It is common courtesy around these parts to not libel your customers, especially when they're paying you lots of money and making up 30% of your incoming traffic. That you're posting in "hypotheticals" does not mask your true messaging. Drive Slow, Paul Wall On Tue, Jul 29, 2014 at 2:33 PM, McElearney, Kevin <Kevin_McElearney@cable.comcast.com> wrote:
On 7/28/14, 5:35 PM, "Jim Richardson" <weaselkeeper@gmail.com> wrote:
I pay for (x) bits/sec up/down. From/to any eyecandysource. If said eyecandy origination can't handle the traffic, then I see a slowdown, that's life. But if <$IP_PROVIDER> throttles it specifically, rather than throttling me to (x),I consider that fraud.
I didn't pay for (x) bits/sec from some whitelist of sources only.
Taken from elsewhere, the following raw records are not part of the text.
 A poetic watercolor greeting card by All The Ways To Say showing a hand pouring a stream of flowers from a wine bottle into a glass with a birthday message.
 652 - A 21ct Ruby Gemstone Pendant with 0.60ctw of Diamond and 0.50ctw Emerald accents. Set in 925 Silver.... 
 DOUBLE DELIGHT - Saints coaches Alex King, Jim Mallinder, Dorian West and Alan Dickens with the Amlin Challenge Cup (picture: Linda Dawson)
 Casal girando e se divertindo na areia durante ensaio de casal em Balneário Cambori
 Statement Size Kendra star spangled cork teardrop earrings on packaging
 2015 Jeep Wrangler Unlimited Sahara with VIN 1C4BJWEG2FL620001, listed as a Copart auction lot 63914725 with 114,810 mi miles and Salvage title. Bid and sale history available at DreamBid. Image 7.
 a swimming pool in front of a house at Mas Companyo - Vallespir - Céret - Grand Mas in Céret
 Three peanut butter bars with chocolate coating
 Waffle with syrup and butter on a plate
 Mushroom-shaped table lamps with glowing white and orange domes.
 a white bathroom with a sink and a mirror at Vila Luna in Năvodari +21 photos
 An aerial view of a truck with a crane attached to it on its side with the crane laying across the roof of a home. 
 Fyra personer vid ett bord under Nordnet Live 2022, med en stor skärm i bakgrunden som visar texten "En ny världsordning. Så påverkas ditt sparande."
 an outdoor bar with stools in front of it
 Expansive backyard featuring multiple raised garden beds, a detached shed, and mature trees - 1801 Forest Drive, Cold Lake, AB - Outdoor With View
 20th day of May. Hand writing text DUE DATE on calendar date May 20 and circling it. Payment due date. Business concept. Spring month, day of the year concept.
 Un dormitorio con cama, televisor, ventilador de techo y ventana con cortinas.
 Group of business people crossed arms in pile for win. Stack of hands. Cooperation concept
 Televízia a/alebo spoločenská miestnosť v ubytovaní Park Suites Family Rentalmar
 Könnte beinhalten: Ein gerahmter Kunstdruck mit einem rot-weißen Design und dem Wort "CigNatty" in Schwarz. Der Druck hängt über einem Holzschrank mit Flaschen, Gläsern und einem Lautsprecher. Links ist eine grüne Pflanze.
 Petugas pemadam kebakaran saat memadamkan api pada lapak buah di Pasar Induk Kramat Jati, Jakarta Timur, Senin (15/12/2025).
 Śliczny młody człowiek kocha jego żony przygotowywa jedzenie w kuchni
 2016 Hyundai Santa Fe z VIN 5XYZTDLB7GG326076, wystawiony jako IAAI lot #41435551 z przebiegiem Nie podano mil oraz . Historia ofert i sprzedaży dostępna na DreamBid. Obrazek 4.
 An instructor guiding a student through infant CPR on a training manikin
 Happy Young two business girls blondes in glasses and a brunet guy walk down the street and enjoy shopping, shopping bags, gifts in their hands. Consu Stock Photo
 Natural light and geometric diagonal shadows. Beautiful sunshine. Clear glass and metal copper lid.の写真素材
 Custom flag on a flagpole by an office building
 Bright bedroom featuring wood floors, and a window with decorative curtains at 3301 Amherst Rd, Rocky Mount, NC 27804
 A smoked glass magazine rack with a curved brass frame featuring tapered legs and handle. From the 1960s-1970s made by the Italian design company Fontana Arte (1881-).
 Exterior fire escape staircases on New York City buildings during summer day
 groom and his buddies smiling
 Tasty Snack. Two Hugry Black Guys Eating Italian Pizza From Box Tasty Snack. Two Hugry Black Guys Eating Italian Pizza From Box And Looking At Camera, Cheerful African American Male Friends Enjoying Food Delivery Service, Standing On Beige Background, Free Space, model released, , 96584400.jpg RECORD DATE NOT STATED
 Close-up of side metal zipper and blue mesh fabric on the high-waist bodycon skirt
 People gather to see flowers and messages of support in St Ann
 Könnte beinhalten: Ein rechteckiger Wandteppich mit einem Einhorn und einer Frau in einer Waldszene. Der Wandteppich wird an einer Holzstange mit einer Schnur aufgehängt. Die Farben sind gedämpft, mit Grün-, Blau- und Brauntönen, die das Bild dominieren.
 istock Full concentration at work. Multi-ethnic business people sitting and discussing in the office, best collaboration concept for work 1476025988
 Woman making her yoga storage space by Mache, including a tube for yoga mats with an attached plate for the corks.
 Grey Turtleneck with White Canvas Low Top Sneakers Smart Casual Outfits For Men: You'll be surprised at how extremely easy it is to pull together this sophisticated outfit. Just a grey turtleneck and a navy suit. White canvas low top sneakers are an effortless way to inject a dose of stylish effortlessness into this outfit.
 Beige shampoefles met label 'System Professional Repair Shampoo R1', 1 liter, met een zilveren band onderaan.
Along with paying <$IP_PROVIDER> for (x) bits/sec up/down, you are also paying (or the product of advertising) eyecandysource to deliver a service (w/ a level of quality). <$IP_PROVIDER> plays a big role in delivering your *overall* Internet experience, but eyecandysource plays an even bigger role delivering your *specific* eyecandy experience. If eyecandystore has internal challenges, business negotiation/policy objectives, or uses poor adaptive routing path decisions, this has a direct and material impact to your *specific* eyecandy experience (and some have found fixable by hiding your source IP with a VPN).
While ISPs do play a big role in this, people tend to miss eyecandystore decisions (and business drivers) as a potential factors in isolated application performance issues.